Fleischesser gegen Vegetarier: Warum Essgewohnheiten derart emotionalisieren

Auf der einen Seite Wiener Schnitzel aus Erbsenprotein und eine Stadt in den Niederlanden (Haarlem), die Fleischwerbung verbieten will. Auf der anderen Seite Männer, die sich männlicher fühlen, wenn sie Fleisch essen (ergab eine Studie in den USA) und vermehrte Klimaschelte für alle Fleischtiger.
Zweifelsohne: Der Kulturkampf zwischen jenen, die sich ihren Braten keinesfalls vom Teller nehmen lassen wollen und den Besser-Essern (zumindest aus Sicht der Umweltschützer) scheint voll entbrannt. Wobei es an dieser Stelle kein Abwägen zwischen Fleischeslust und Fruchtfleischeslust geben soll. Vielmehr wollte der KURIER herausfinden, warum die Frage Fleischfresser vs. Vegetarier derart emotionalisiert. Die Tierethikerin Judith Benz-Schwarzburg von der Veterinärmedizinischen Universität Wien kennt die Antwort.
KURIER: Warum wird jedes Gespräch über Essgewohnheiten heutzutage zur Grundsatzdiskussion?

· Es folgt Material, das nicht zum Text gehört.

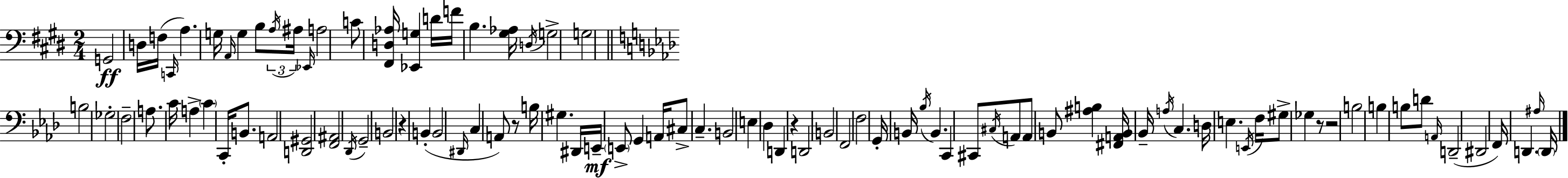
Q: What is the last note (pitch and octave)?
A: D2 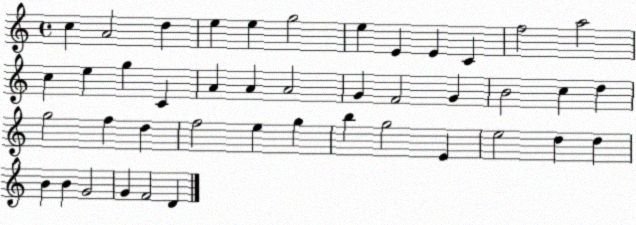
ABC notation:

X:1
T:Untitled
M:4/4
L:1/4
K:C
c A2 d e e g2 e E E C f2 a2 c e g C A A A2 G F2 G B2 c d g2 f d f2 e g b g2 E e2 d d B B G2 G F2 D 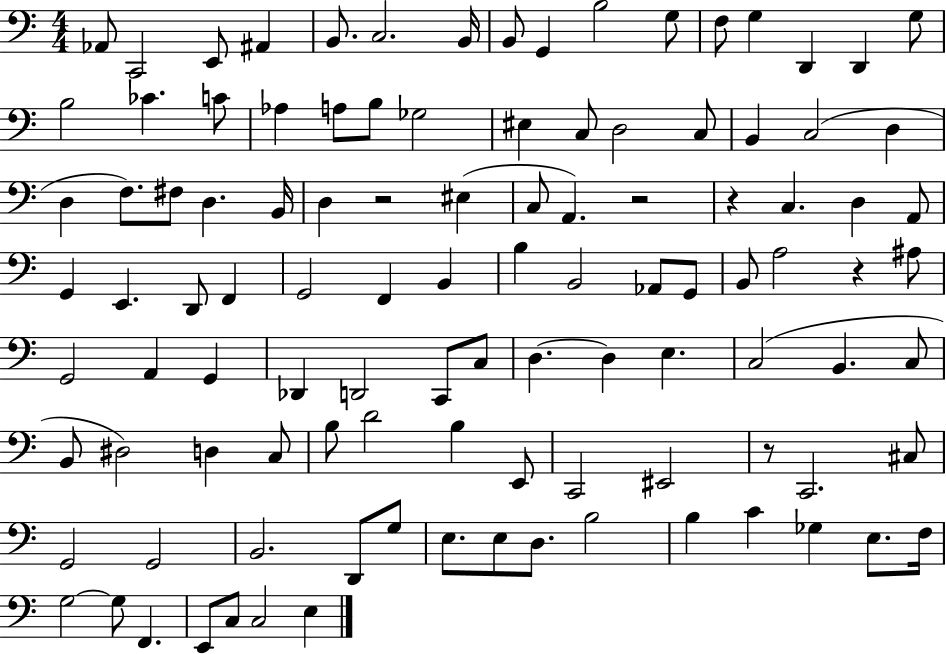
{
  \clef bass
  \numericTimeSignature
  \time 4/4
  \key c \major
  aes,8 c,2 e,8 ais,4 | b,8. c2. b,16 | b,8 g,4 b2 g8 | f8 g4 d,4 d,4 g8 | \break b2 ces'4. c'8 | aes4 a8 b8 ges2 | eis4 c8 d2 c8 | b,4 c2( d4 | \break d4 f8.) fis8 d4. b,16 | d4 r2 eis4( | c8 a,4.) r2 | r4 c4. d4 a,8 | \break g,4 e,4. d,8 f,4 | g,2 f,4 b,4 | b4 b,2 aes,8 g,8 | b,8 a2 r4 ais8 | \break g,2 a,4 g,4 | des,4 d,2 c,8 c8 | d4.~~ d4 e4. | c2( b,4. c8 | \break b,8 dis2) d4 c8 | b8 d'2 b4 e,8 | c,2 eis,2 | r8 c,2. cis8 | \break g,2 g,2 | b,2. d,8 g8 | e8. e8 d8. b2 | b4 c'4 ges4 e8. f16 | \break g2~~ g8 f,4. | e,8 c8 c2 e4 | \bar "|."
} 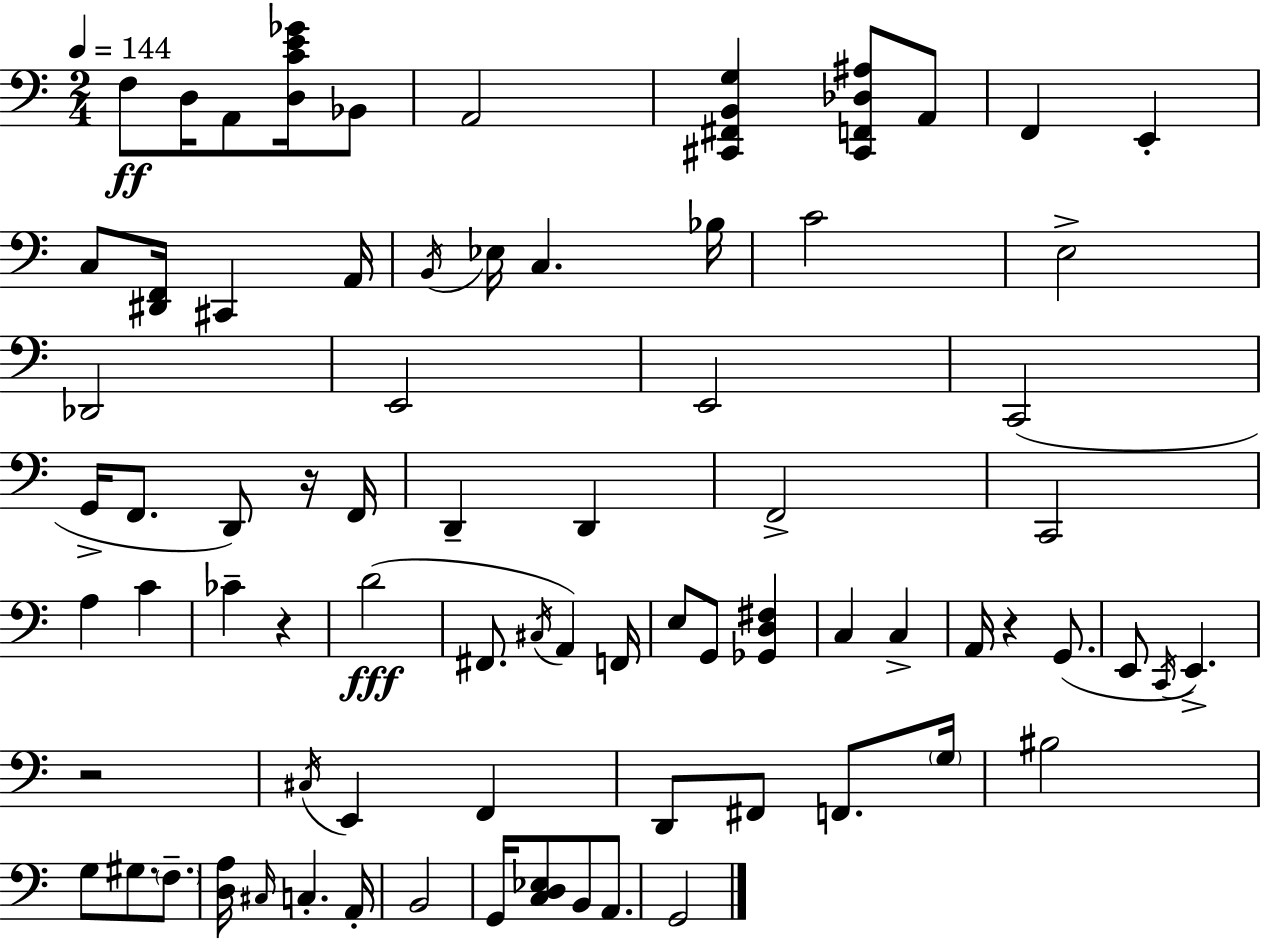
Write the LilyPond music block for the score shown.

{
  \clef bass
  \numericTimeSignature
  \time 2/4
  \key c \major
  \tempo 4 = 144
  \repeat volta 2 { f8\ff d16 a,8 <d c' e' ges'>16 bes,8 | a,2 | <cis, fis, b, g>4 <cis, f, des ais>8 a,8 | f,4 e,4-. | \break c8 <dis, f,>16 cis,4 a,16 | \acciaccatura { b,16 } ees16 c4. | bes16 c'2 | e2-> | \break des,2 | e,2 | e,2 | c,2( | \break g,16-> f,8. d,8) r16 | f,16 d,4-- d,4 | f,2-> | c,2 | \break a4 c'4 | ces'4-- r4 | d'2(\fff | fis,8. \acciaccatura { cis16 } a,4) | \break f,16 e8 g,8 <ges, d fis>4 | c4 c4-> | a,16 r4 g,8.( | e,8 \acciaccatura { c,16 }) e,4.-> | \break r2 | \acciaccatura { cis16 } e,4 | f,4 d,8 fis,8 | f,8. \parenthesize g16 bis2 | \break g8 gis8. | \parenthesize f8.-- <d a>16 \grace { cis16 } c4.-. | a,16-. b,2 | g,16 <c d ees>8 | \break b,8 a,8. g,2 | } \bar "|."
} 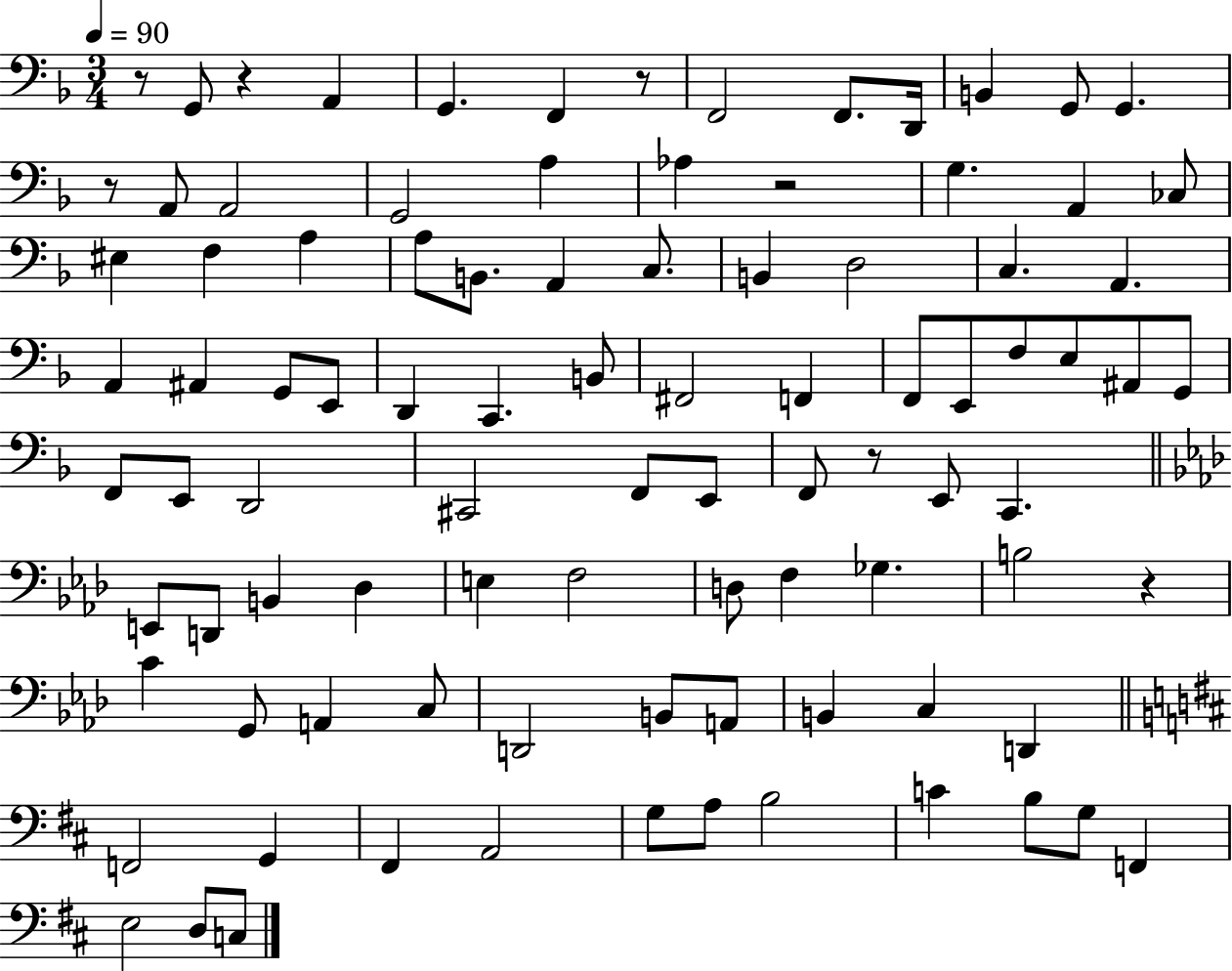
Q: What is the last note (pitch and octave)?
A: C3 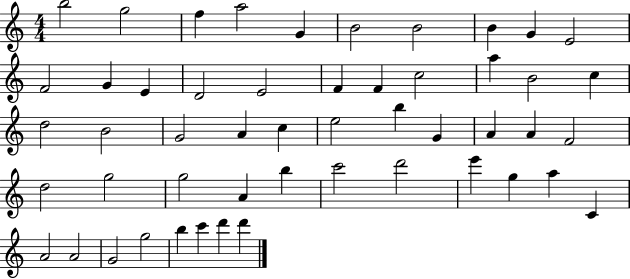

Judith Benz-Schwarzburg: Wir leben in einer Zeit, in der jeder wissen kann, dass auch die Tiere, die wir gerne essen, wie Schweine oder Kühe, hochintelligente und hochsoziale Tiere sind, die eigentlich viele Jahre in großen Gemeinschaften leben würden. Weil die meisten Menschen Tiere lieben, gleichzeitig aber auch Fleisch mögen – sich also im sogenannten Meat-Paradox befinden –, brauchen sie Rechtfertigungsnarrative. Wir reden es uns schön. Dazu gibt es einen spannenden Versuch von Brock Bastian, einem australischen Wissenschafter. Probanden bekamen Bilder von Tieren gezeigt und mussten sie in essbar oder nicht essbar einteilen. Dann wurde nach den kognitiven Fähigkeiten und der Leidensfähigkeit gefragt. Und da zeigt sich ganz deutlich, dass Tiere, die wir als essbar einstufen, ganz niedrig auf der Skala der kognitiven Fähigkeiten und der Leidensfähigkeit rangieren. Wir reden sie uns also dumm und behaupten, dass die eh nicht leiden. Tiere, die wir als nicht essbar einstufen – vor allem die Haustiere und Schimpansen – gelten dagegen als leidensfähig und klug. Beides ist wissenschaftlich überhaupt nicht erklärbar.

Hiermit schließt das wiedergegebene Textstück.